THE TASK
The full listing, exactly as written and with no images, is the expected output.

── EXERCISE INPUTS

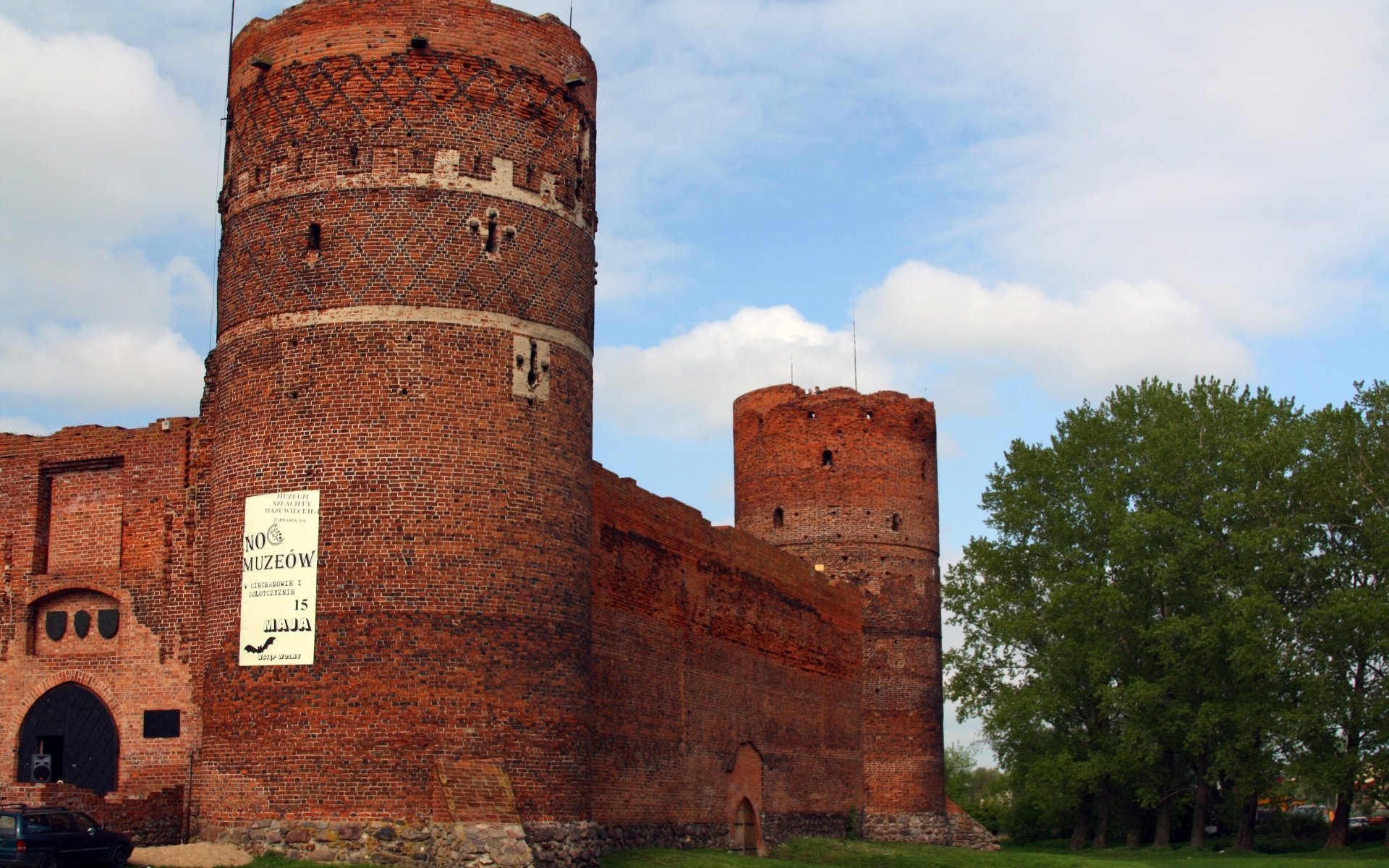HD PC desktop wallpaper/background: Ciechanów Castle — red-brick medieval towers and walls (man-made) beneath a blue sky with trees.
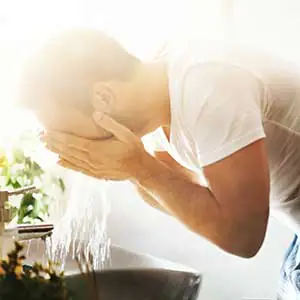 Mann w&auml;scht sich das Gesicht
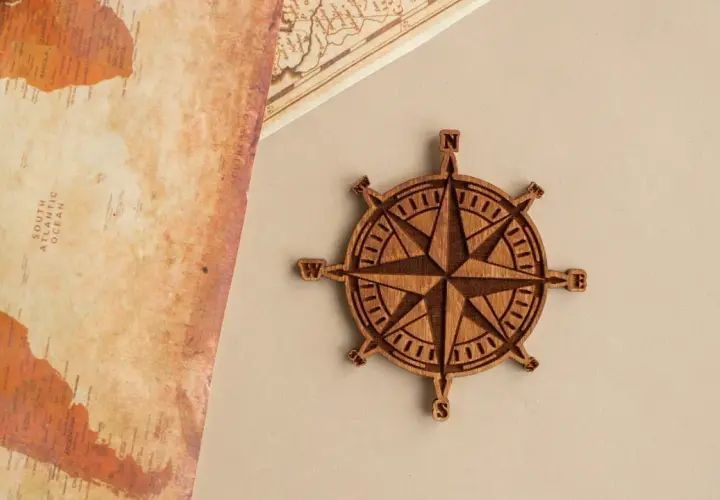 Rosa de los vientos de madera, símbolo de guía y el rosa de los vientos significado espiritual. Un mapa antiguo y una brújula de madera.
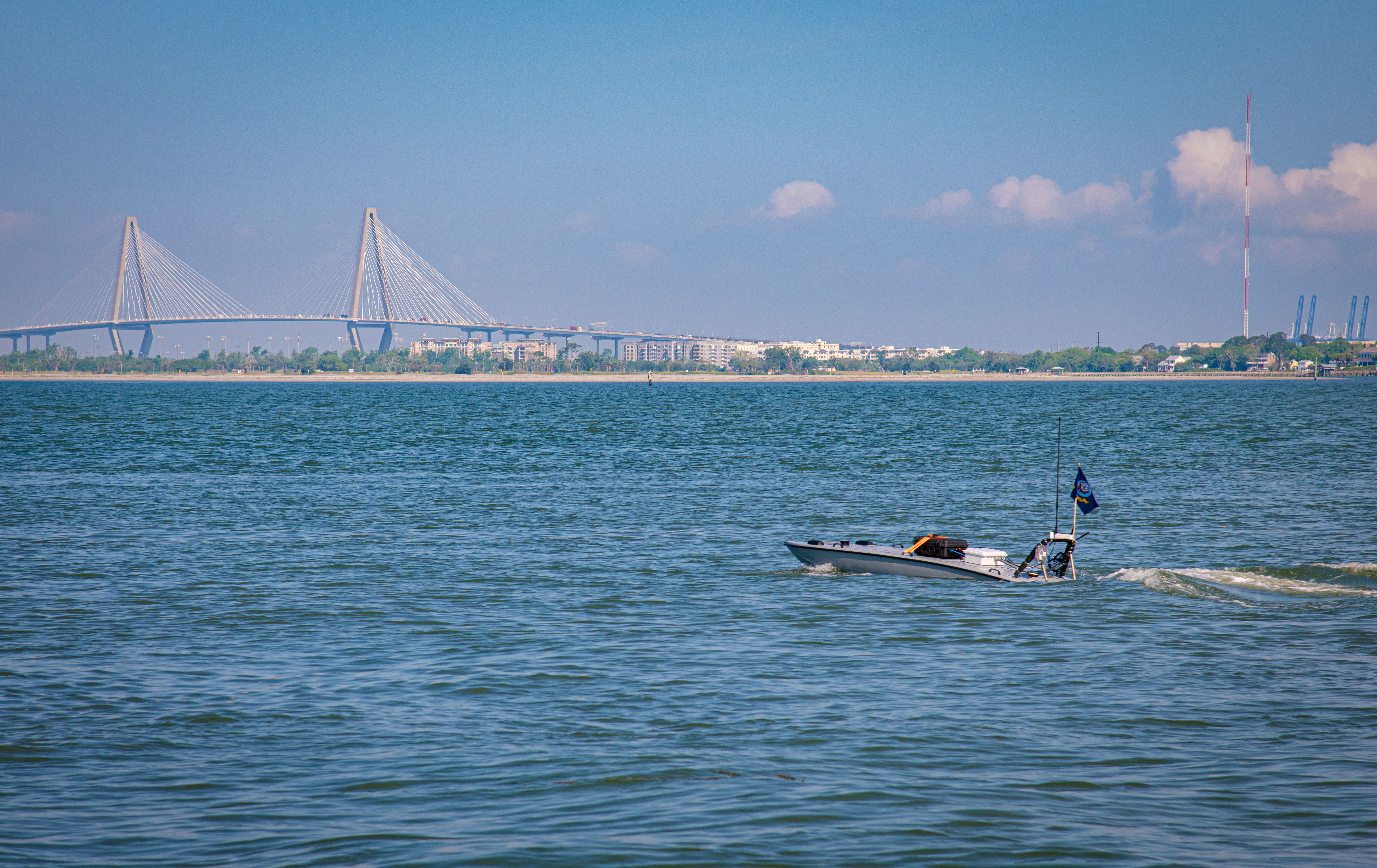 Unmanned surface vessel in water.  Behind in the distance is the Arthur Ravenel Bridge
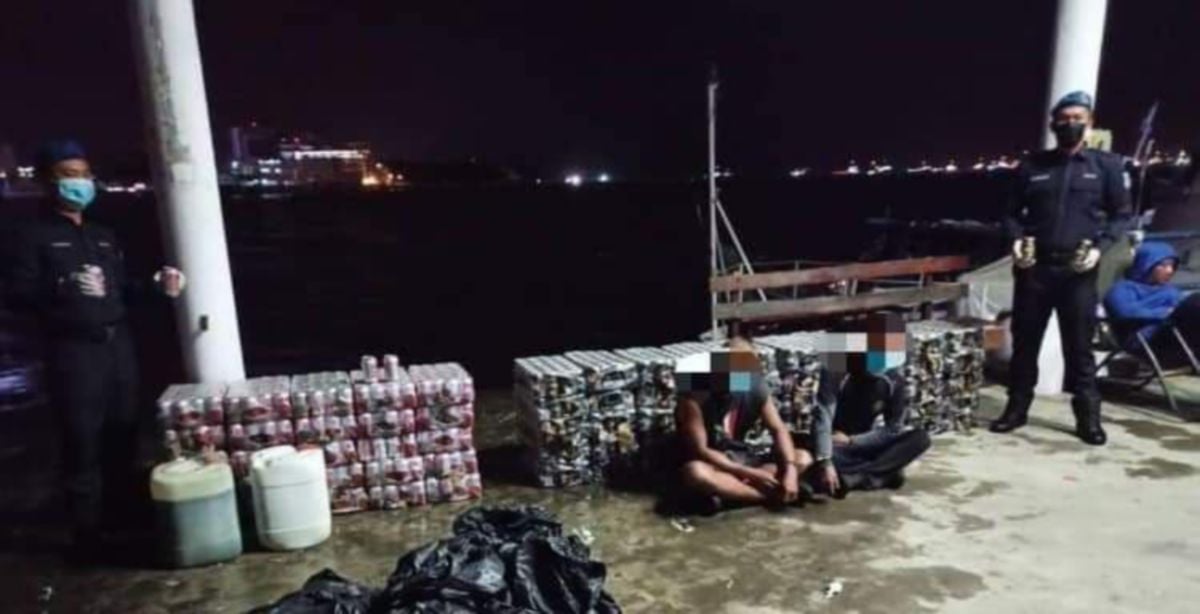 Dua suspek bersama minuman keras yang ditahan anggota PPM Labuan dalam operasi di periaran Tanjung Aru, Labuan. FOTO IHSAN PPM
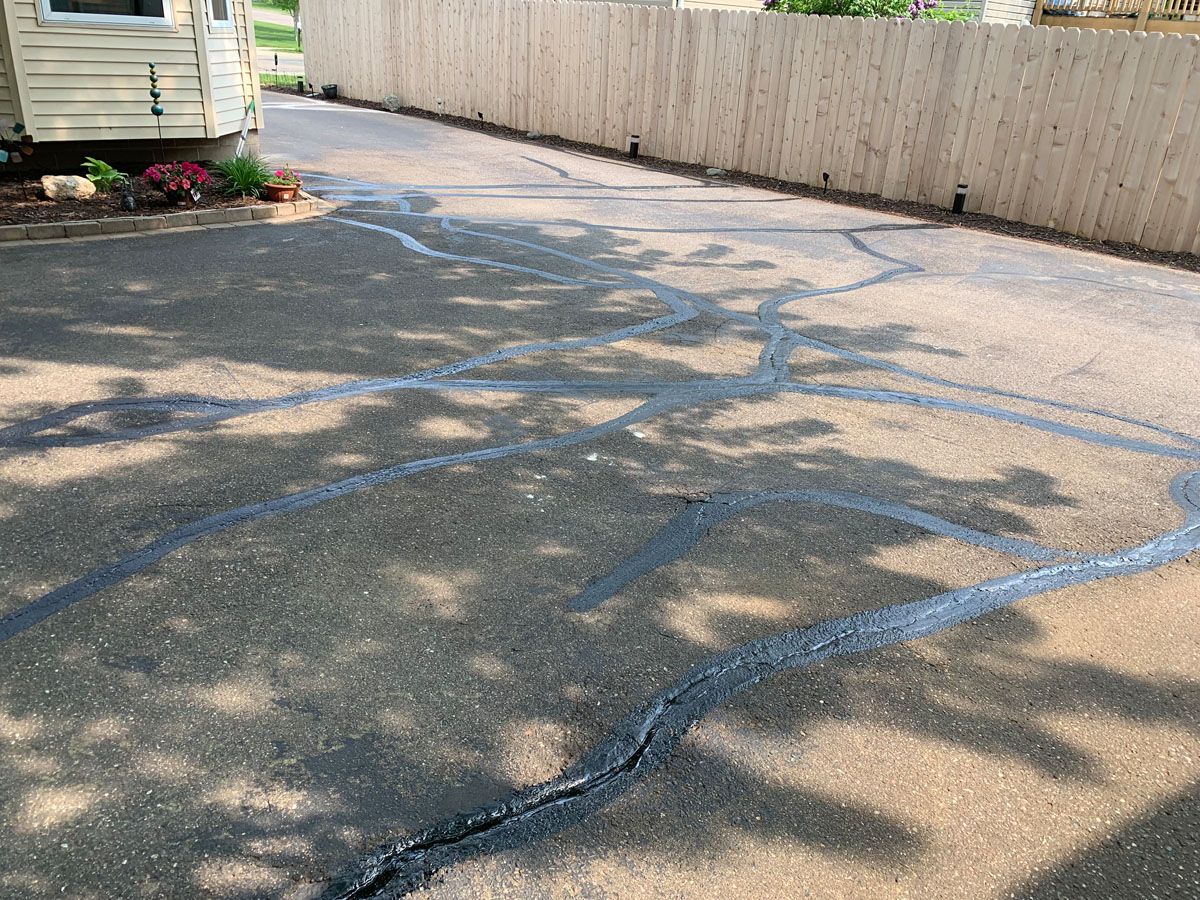 A cracked asphalt driveway with a wooden fence in the background.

────

ANSWER AREA
HD PC desktop wallpaper/background: Ciechanów Castle — red-brick medieval towers and walls (man-made) beneath a blue sky with trees.
 Mann w&auml;scht sich das Gesicht
 Rosa de los vientos de madera, símbolo de guía y el rosa de los vientos significado espiritual. Un mapa antiguo y una brújula de madera.
 Unmanned surface vessel in water.  Behind in the distance is the Arthur Ravenel Bridge
 Dua suspek bersama minuman keras yang ditahan anggota PPM Labuan dalam operasi di periaran Tanjung Aru, Labuan. FOTO IHSAN PPM
 A cracked asphalt driveway with a wooden fence in the background.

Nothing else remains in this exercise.